SNOWBIRD SUBROGATION
What the heck is subrogation? ...And why should I care?
Subrogation is a very fancy term for the "back room" negotiation
that goes on once an insurance claim is being settled.
An example: A SnowBird goes south for the winter and is involved in a serious
car accident the medical bill is $100,000.
The SnowBird has limited credit card coverage, car insurance, travel
insurance and a retiree plan that pays a lifetime maximum of $50,000 dollars
CAN.
Who Pays?
Well, believe it or not, even with all that insurance coverage, it could end
up being the SnowBird!
In the back room negotiations that follow, each of the insurers jockeys for
position to be "last payor". That is to say the entity that pays the
balance left over after everyone else has chipped in.
Retiree Plans
This is often the plan that is put on the hook as first payor. This would be
fine if your retiree plan has an unlimited lifetime maximum, however that is
rarely the case. As a result, a large claim could bite into that lifetime
maximum - and reduce the benefits you could receive later in life.
Given the regrettable statistic that most of us will need some form of long
term care in our life, it is not a benefit to give up lightly.
Credit Card Coverage
This is probably not going to win us any friends at the credit card
companies... But we do not recommend relying on credit card coverage.

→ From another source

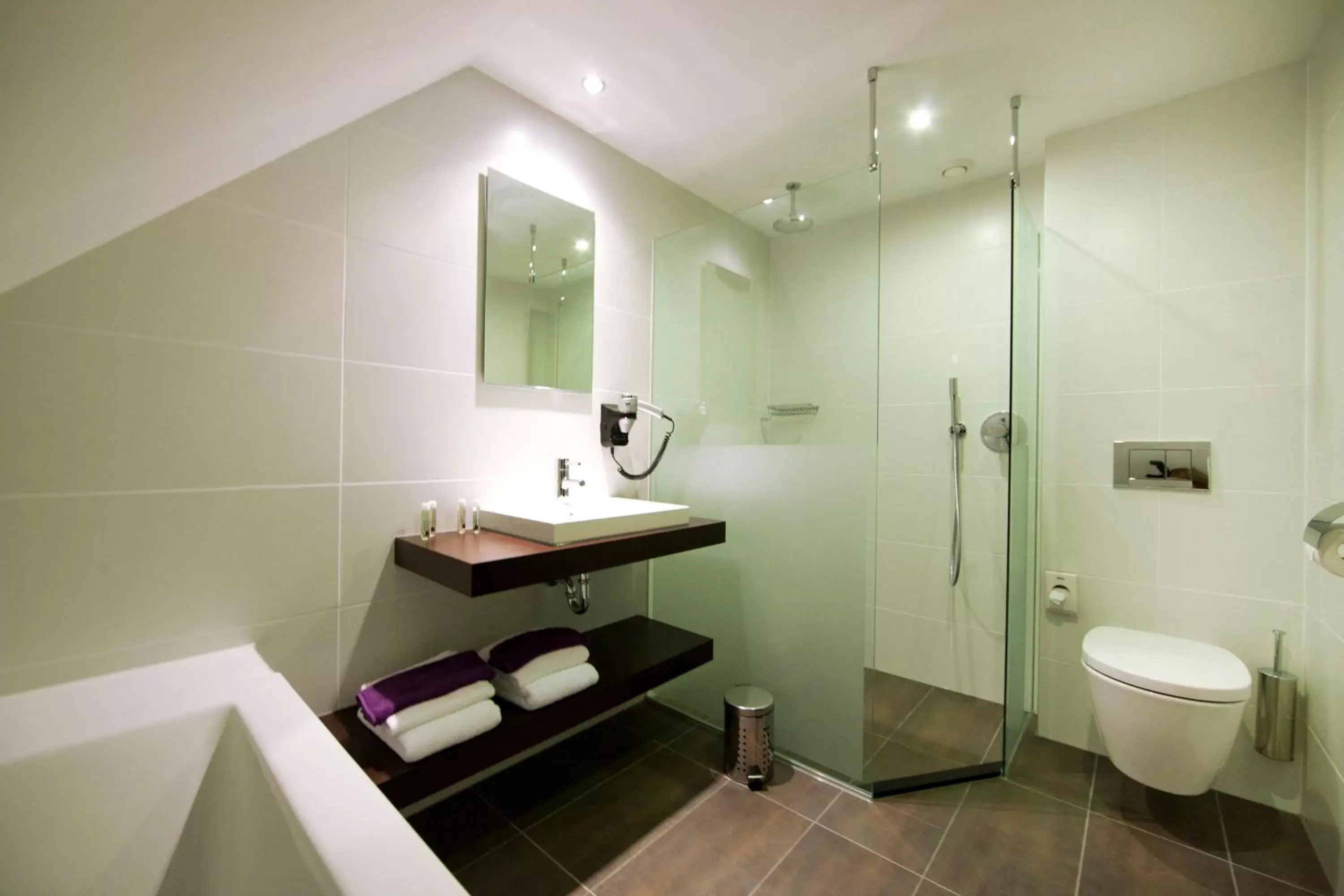 Comfort Double or Twin Room with Lake view in Hotel Bella Ciao Comfort Double or Twin Room with Lake view in Hotel Bella Ciao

There's a
good reason it's given away free (or nearly free). Because it is only designed
to pay in a very narrow set of circumstances. The insurance companies that
provide this coverage are generally very good, but they are also very diligent
in making sure that they only pay what they are on the hook for.
Car Insurance
Car insurance regulations vary province by province and state by state. In
Canada, there are guidelines established for how car insurers deal with
subrogation, but the key issue is not the car insurance, but the travel
insurance.
Travel Insurance
There are two groups that work with the travel insurance industry that help
control the potential messiness of situations like the example above.
The first is the Canadian Life and Health Insurance Association. Member
companies agree (among other things) to leave retiree plans with limited
lifetime maximums off the negotiating table. The rules and the dollar amounts
change, so you will have to check with the insurer, but generally anything under
$50,000 is safe.
The second is the Travel Health Insurance Association. Which promotes similar
guidelines, but has International membership.
Both organizations have recommendations on how travel insurers should work
with Car Insurance companies and other health insurers.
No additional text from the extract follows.